Tuesday, September 18, 2012

First Week


Well, we have been here one week today.  It has seemed like a long week.  Much has happened, but I feel like we're not into the work yet.  We spent from Tuesday night when we arrived in country, with President and Sister Omer, the Mission President.  They are very lovely people.  They made us feel very welcome and comfortable.  Sister Omer is a very gracious lady.  They both have a lot of responsibility.  I don't know how they do it.  She is basically the Missionary Mom, responsible for all the missionaries.  We were at the Mission Home everyday, being oriented to the mission and informing us about the cars, phones, apartments, etc.  One afternoon they took Lynn out to practice driving on the left side of the road.  He didn't take the car home that night though.  We were scheduled to go to Nilspruit on Friday, but they were having difficulty getting the sim card for the phone to operate.  Because it was still not working, they didn't want us to go until Saturday so we  could have a phone to take with us.   So Lynn stayed around the office to do some more practice driving, and I went with Sister Omer and the other Office Missionaries to a warehouse where there are a lot of authentic, handmade African Souvineers.  A gentleman who Sister Omer knows travels throughout Africa and buys hand made articles from the village people and keeps them in a warehouse and opens his store occassionally for people to come in and purchase things. There were a lot of interesting things,but many things that I didn't know what I would do with them after I got home, or how I would even get them home.  I did buy a couple of things that I thought I could decorate our apartment with.

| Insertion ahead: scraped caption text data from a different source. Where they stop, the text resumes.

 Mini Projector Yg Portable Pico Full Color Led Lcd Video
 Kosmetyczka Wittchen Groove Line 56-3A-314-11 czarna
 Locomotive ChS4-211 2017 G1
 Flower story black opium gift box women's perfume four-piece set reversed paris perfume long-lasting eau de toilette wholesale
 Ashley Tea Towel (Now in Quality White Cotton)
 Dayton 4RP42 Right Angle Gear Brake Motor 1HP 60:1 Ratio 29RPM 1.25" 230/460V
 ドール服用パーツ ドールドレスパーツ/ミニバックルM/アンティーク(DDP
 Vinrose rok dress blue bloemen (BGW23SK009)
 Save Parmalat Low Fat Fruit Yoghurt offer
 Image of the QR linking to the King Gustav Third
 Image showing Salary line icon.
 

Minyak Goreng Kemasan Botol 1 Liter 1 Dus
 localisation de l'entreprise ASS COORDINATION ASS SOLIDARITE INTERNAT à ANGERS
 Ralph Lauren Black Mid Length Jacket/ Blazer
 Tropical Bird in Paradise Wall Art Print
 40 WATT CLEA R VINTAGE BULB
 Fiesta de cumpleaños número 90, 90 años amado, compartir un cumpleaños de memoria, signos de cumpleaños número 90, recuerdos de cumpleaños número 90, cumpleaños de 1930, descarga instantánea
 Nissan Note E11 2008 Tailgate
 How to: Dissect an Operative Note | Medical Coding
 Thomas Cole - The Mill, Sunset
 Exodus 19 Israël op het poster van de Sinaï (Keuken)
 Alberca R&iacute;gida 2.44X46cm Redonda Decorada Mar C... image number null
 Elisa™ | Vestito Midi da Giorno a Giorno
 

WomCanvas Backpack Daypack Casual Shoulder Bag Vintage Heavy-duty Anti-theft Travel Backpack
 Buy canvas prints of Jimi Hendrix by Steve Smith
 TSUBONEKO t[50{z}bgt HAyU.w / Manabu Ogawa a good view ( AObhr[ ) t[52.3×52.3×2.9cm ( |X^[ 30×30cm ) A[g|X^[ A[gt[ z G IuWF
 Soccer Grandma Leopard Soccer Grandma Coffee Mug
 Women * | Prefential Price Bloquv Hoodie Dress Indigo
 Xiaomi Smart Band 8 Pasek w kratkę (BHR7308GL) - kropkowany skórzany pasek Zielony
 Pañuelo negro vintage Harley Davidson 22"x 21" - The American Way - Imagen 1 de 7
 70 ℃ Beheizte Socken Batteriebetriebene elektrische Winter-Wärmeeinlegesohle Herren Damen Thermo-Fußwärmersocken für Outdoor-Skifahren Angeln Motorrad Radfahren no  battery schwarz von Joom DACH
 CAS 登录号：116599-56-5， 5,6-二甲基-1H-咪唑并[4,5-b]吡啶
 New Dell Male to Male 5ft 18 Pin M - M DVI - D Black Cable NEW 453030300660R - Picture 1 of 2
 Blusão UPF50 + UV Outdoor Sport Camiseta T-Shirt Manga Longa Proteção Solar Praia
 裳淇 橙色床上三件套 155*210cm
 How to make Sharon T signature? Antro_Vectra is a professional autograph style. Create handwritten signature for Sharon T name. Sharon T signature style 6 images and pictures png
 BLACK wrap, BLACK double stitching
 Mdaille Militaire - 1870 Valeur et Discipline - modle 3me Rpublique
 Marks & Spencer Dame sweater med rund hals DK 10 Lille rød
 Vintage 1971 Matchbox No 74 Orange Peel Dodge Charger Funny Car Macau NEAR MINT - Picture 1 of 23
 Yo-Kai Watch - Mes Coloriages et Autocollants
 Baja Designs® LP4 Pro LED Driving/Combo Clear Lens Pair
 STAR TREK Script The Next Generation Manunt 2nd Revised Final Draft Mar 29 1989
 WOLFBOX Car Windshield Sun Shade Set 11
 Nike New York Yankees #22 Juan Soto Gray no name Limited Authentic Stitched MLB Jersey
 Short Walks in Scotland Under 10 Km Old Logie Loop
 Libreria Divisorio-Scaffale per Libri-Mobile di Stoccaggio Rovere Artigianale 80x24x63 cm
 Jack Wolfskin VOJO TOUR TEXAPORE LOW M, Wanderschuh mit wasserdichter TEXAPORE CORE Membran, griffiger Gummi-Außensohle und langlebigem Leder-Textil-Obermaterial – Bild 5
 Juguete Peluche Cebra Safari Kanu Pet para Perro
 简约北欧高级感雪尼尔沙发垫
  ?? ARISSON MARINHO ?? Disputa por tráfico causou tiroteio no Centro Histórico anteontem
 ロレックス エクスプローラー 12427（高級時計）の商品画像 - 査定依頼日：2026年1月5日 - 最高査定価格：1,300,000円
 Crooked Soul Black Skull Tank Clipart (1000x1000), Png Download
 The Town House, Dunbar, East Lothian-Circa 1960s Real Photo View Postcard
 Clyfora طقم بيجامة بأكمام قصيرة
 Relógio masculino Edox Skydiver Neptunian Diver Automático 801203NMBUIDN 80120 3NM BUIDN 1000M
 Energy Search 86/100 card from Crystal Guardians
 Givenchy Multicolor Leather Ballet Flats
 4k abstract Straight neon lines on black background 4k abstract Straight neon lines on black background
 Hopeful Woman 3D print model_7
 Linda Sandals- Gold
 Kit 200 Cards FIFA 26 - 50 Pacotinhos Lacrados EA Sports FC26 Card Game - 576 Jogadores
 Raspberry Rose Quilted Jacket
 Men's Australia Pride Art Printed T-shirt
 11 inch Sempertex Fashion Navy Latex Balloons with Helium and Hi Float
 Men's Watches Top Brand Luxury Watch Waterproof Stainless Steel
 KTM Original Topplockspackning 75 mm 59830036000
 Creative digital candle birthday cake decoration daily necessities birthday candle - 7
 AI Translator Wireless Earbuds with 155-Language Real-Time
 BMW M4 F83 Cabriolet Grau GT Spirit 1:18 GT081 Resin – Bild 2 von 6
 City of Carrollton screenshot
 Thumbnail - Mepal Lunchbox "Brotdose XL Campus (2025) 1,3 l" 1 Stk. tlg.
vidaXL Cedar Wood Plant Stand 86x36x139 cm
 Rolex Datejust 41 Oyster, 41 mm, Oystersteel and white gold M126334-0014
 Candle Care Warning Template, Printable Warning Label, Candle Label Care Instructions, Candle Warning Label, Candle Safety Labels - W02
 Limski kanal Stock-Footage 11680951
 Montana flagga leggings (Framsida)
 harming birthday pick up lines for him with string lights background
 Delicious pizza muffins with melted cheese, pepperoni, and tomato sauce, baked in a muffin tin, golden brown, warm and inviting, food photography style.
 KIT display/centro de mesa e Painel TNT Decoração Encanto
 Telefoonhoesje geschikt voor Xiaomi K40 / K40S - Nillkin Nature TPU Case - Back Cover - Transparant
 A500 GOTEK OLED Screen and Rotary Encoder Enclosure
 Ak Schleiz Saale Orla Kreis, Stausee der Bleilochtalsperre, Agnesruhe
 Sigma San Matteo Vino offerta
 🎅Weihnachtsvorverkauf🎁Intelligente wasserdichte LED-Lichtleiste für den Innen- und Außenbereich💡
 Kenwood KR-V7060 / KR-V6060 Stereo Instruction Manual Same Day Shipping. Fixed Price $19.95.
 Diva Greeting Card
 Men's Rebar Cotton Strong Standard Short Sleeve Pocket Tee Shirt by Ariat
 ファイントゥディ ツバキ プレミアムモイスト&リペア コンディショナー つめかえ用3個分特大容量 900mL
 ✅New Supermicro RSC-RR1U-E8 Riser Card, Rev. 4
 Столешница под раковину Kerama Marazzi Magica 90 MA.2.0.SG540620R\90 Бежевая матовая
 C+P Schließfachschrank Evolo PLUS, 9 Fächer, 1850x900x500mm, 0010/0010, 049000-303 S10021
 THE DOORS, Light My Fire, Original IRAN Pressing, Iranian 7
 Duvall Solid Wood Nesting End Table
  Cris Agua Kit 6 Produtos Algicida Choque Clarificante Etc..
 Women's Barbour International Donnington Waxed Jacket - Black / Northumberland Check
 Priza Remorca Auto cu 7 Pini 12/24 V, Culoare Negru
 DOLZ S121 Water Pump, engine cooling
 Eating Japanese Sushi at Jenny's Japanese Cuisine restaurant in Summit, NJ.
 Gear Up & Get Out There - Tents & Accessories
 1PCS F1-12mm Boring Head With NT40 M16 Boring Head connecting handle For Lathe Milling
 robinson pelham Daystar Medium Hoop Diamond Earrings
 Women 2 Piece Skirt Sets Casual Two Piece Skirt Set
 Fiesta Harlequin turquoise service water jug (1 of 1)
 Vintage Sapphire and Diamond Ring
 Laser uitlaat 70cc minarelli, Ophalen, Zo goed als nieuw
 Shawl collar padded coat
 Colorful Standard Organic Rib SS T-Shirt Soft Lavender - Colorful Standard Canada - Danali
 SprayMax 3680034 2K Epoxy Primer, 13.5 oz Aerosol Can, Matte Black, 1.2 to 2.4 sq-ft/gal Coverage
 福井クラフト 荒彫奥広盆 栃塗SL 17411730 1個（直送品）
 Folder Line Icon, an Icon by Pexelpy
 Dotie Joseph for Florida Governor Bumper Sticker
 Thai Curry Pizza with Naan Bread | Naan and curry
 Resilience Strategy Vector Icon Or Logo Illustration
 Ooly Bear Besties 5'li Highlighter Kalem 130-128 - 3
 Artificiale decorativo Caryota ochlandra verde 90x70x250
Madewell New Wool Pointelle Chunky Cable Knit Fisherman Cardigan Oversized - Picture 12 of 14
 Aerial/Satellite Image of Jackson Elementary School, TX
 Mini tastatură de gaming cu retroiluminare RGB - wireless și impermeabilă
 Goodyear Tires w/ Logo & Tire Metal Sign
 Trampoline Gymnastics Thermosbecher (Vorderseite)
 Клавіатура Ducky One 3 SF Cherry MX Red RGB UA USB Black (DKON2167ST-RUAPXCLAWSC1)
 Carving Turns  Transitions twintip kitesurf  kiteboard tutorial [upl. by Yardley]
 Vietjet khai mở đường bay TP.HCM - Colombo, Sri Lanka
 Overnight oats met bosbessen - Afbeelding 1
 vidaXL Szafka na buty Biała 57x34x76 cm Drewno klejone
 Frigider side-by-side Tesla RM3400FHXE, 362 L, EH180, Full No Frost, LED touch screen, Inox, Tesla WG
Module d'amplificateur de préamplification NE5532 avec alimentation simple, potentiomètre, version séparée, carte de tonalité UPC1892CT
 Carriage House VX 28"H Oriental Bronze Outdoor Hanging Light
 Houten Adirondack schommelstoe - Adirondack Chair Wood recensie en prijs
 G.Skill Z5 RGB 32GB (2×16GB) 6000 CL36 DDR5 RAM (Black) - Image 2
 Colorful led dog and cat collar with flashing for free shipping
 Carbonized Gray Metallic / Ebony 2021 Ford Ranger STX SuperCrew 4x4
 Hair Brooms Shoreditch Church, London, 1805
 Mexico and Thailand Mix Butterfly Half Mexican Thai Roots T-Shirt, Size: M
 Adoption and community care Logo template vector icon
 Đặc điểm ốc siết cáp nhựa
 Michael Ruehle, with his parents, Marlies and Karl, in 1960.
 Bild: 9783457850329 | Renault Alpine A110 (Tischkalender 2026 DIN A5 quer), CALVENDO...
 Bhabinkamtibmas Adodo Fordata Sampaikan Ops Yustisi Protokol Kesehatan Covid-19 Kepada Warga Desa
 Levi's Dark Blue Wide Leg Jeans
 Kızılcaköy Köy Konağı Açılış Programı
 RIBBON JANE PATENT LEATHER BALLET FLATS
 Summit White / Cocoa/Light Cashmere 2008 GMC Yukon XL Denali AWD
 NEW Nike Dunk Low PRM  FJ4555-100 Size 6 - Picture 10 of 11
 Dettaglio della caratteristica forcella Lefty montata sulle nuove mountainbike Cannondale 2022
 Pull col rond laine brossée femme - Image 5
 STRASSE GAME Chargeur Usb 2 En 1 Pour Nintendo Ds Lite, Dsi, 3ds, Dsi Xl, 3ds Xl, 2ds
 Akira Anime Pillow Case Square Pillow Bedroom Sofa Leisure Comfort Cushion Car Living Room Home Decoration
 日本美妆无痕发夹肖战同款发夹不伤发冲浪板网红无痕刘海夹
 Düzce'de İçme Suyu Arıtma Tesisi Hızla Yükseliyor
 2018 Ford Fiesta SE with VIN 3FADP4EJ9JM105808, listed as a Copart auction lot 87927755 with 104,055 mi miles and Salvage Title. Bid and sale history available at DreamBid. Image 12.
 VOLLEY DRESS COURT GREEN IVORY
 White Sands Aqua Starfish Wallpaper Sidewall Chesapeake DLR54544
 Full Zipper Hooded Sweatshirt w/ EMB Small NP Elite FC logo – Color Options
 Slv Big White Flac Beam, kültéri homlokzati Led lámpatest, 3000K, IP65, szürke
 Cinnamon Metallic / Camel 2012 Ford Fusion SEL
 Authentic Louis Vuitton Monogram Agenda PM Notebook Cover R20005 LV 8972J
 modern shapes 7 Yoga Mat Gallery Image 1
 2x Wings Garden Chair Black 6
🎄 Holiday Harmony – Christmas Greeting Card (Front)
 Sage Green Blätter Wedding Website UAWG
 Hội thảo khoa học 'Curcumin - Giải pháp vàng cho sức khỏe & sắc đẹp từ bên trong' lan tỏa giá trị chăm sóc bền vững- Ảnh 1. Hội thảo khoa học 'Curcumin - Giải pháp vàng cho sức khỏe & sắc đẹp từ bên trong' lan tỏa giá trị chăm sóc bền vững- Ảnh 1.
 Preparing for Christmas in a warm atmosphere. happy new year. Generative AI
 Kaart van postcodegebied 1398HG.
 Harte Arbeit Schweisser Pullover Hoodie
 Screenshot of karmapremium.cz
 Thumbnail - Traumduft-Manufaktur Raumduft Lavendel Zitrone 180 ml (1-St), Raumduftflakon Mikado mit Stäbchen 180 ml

By the afternoon, they had our phone working, so the plan was to leave early Saturday morning.  Lynn and I did a few errands before heading to the Mission Home to pack.  I had bought 2 curling irons the day before, 2 different sizes.  When I got home and opened them, they were both the same size, in a wrong box, so we had to take them back to exchange it.  We spent a lot of time driving around trying to find our way to where we wanted to go.  We had a GPS, but had a difficult time finding the addresses of the places where we wanted to go.  So we just ended up driving around until we found the kind of store we wanted.    It took us about 3 hours to do a couple of things and get back to the Mission Home.  Sister Omer had the Assistants over for tacos.  President had a meeting so missed dinner for the second night in a row.

We got packed with the few things that we had unpacked to last for a few days.  At 9:00 the next morning, we ready to head out.  We worried that we would be able to get 5 large cases, 2 carry on bags, a computer bag and a bag of manuals and journals loaded in the small Nissan, but with the help of the  President and the Assistants, we were able to get everyone loaded in.  It was raining and chilly,but with GPS loaded and Elder Bishop from the Mission Office to lead us out of Johannesburg, we started out.  It took about an hour to get out of the area onto the freeway where we would be able to hit the freeway from there.  It was a pretty drive.  The farther out we went, the prettier it became.  It was very green and a little hilly.  Through some of the areas, we saw some little villages that I wondered if they were houses or just a junk yard.  A litle farther down the road, I noticed some wash hanging out on the line and figured people were really living in them.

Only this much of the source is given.